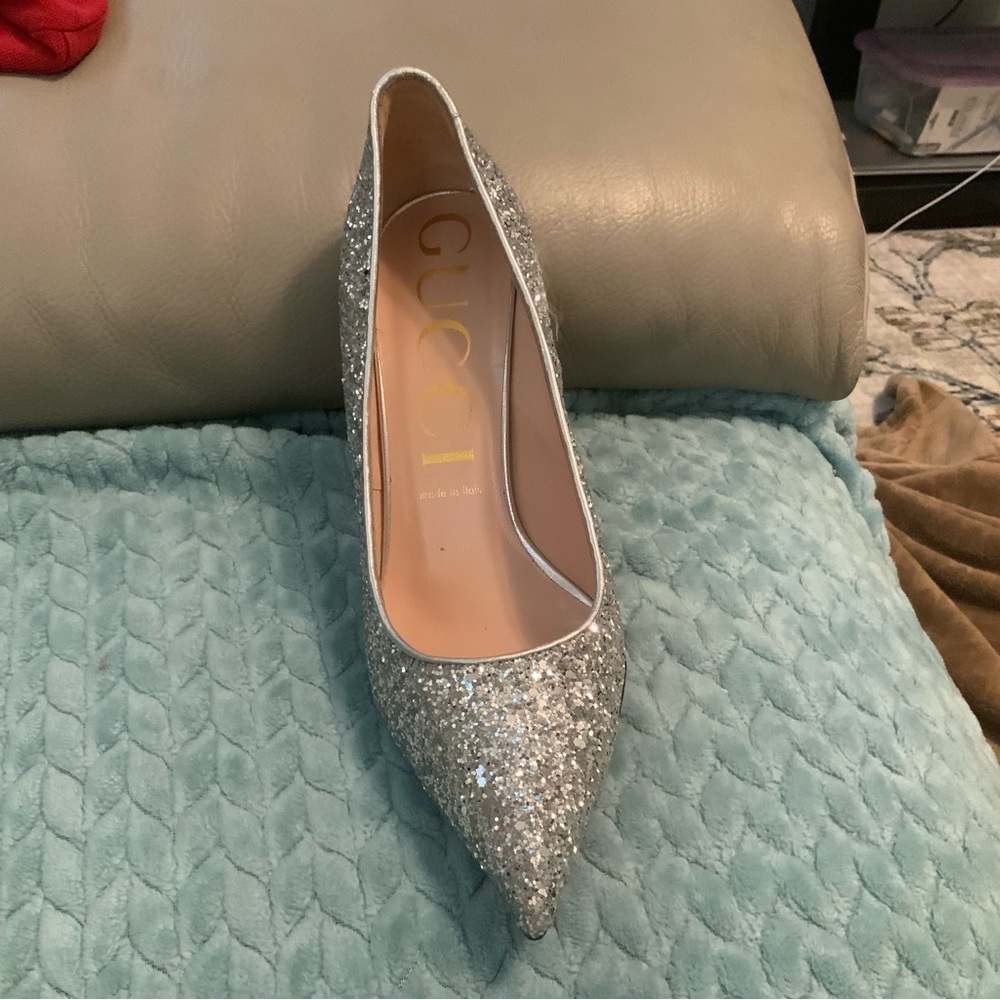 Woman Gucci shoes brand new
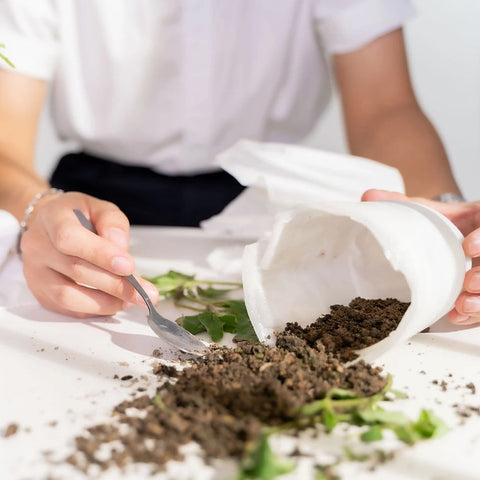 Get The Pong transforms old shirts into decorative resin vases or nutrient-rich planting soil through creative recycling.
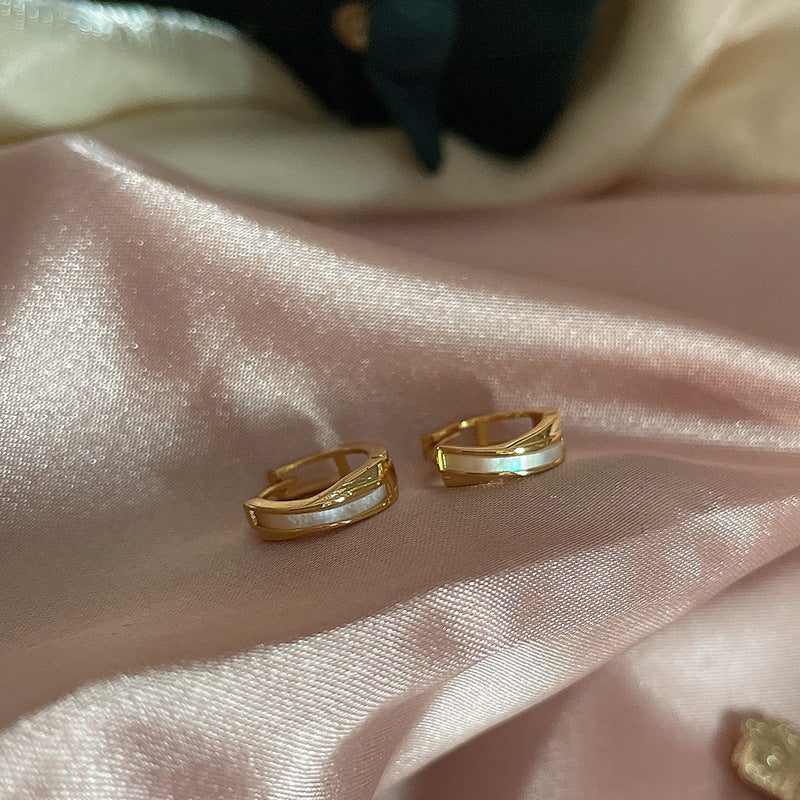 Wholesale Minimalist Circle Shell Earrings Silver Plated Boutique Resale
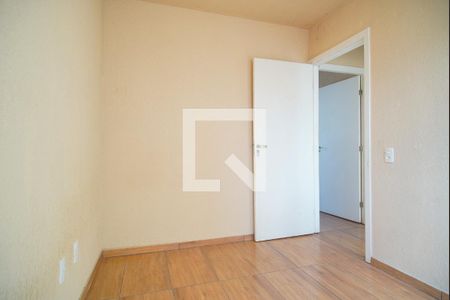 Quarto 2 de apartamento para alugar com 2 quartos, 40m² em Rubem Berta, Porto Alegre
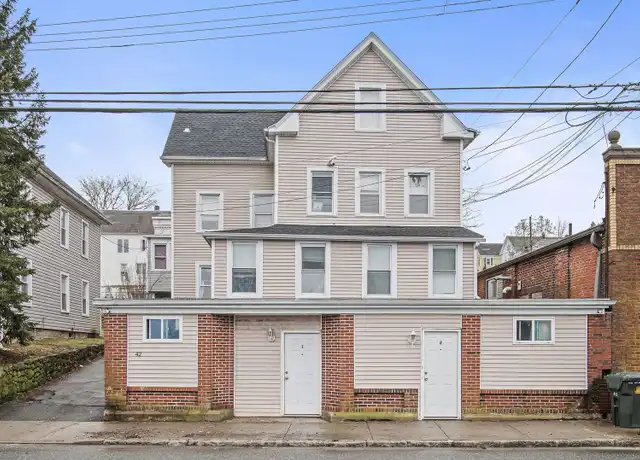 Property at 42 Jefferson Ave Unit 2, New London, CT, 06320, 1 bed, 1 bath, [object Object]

Exercise goal = Only the lines from the one containing "Quarto 2 de" through the last line of the material are to be restated word for word; no picture is to be included.

Response area =
 Quarto 2 de apartamento para alugar com 2 quartos, 40m² em Rubem Berta, Porto Alegre
 Property at 42 Jefferson Ave Unit 2, New London, CT, 06320, 1 bed, 1 bath, [object Object]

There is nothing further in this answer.